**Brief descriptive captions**

______________________________

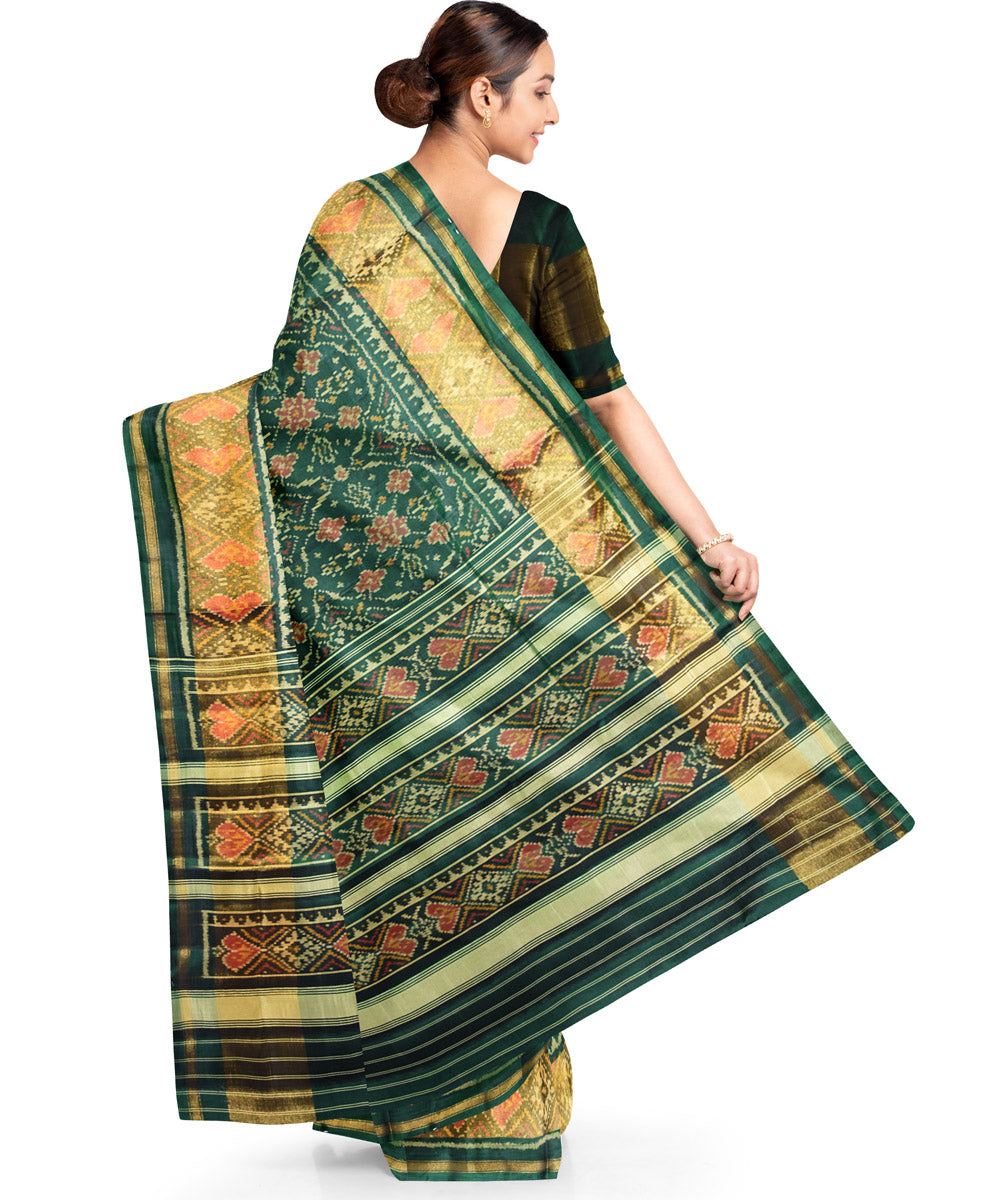 Dark green silk handloom patola saree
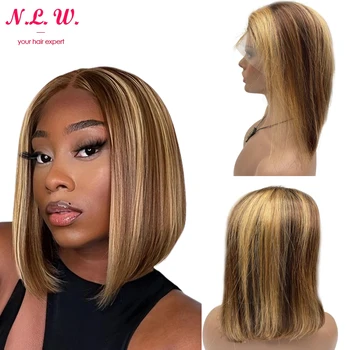 N.L.W P4/27 цветные кружевные передние парики из человеческих волос 13 * 4 короткий Боб прямые человеческие парики 12 дюймов фронтальные волосы для женщин 180% плотности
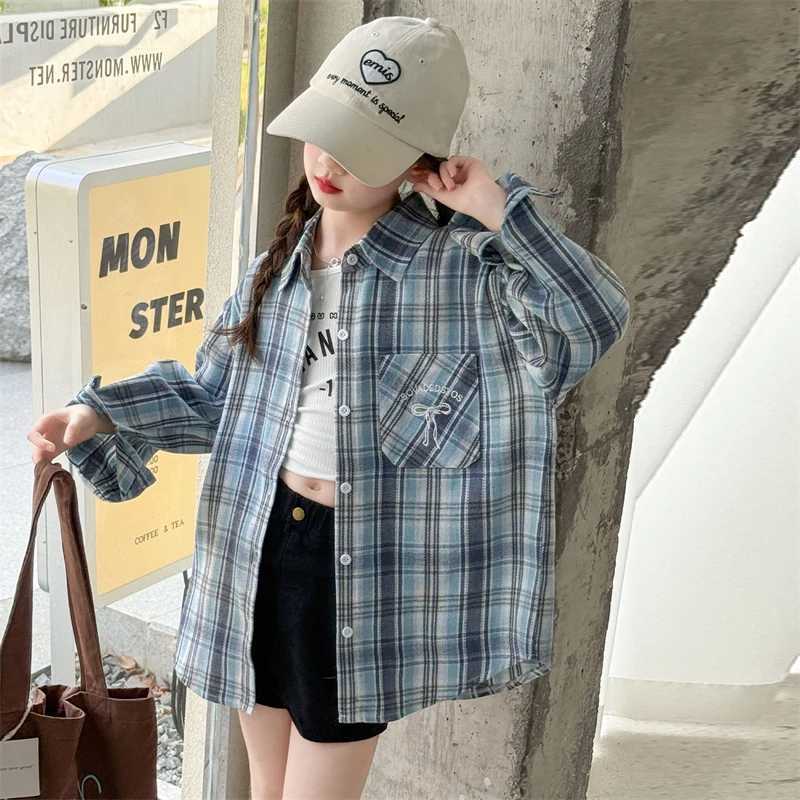 Korean Style Kids Long Sleeve School Shirts for Girl Casual Long Sleeve Plaid Blouse Kids Teenager Casual Spring Autumn Clothing C251007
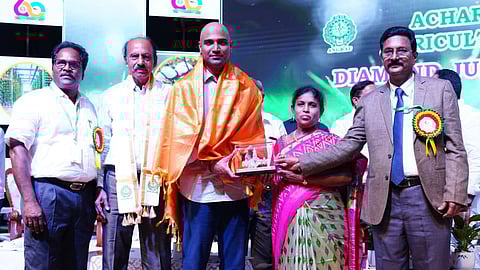 Narasaraopet MP Lavu KRishnadevarayulu was felicitated on the second day of the diamond jubilee celebrations at Acharya NG Ranga Agriculture University on Wednesday.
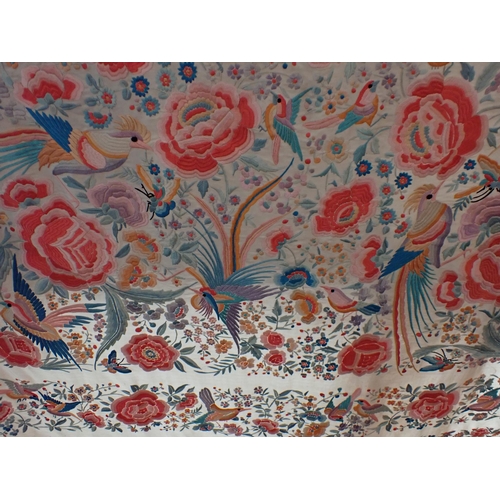 212 - A large Chinese silk Shawl embroidered both sides alike with long fringe, approx 5ft x 5ft excluding...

______________________________

**The problem**
Your answer must restate the entries word for word and contain no pictures.

**Solution**
 Dark green silk handloom patola saree
 N.L.W P4/27 цветные кружевные передние парики из человеческих волос 13 * 4 короткий Боб прямые человеческие парики 12 дюймов фронтальные волосы для женщин 180% плотности
 Korean Style Kids Long Sleeve School Shirts for Girl Casual Long Sleeve Plaid Blouse Kids Teenager Casual Spring Autumn Clothing C251007
 Narasaraopet MP Lavu KRishnadevarayulu was felicitated on the second day of the diamond jubilee celebrations at Acharya NG Ranga Agriculture University on Wednesday.
 212 - A large Chinese silk Shawl embroidered both sides alike with long fringe, approx 5ft x 5ft excluding...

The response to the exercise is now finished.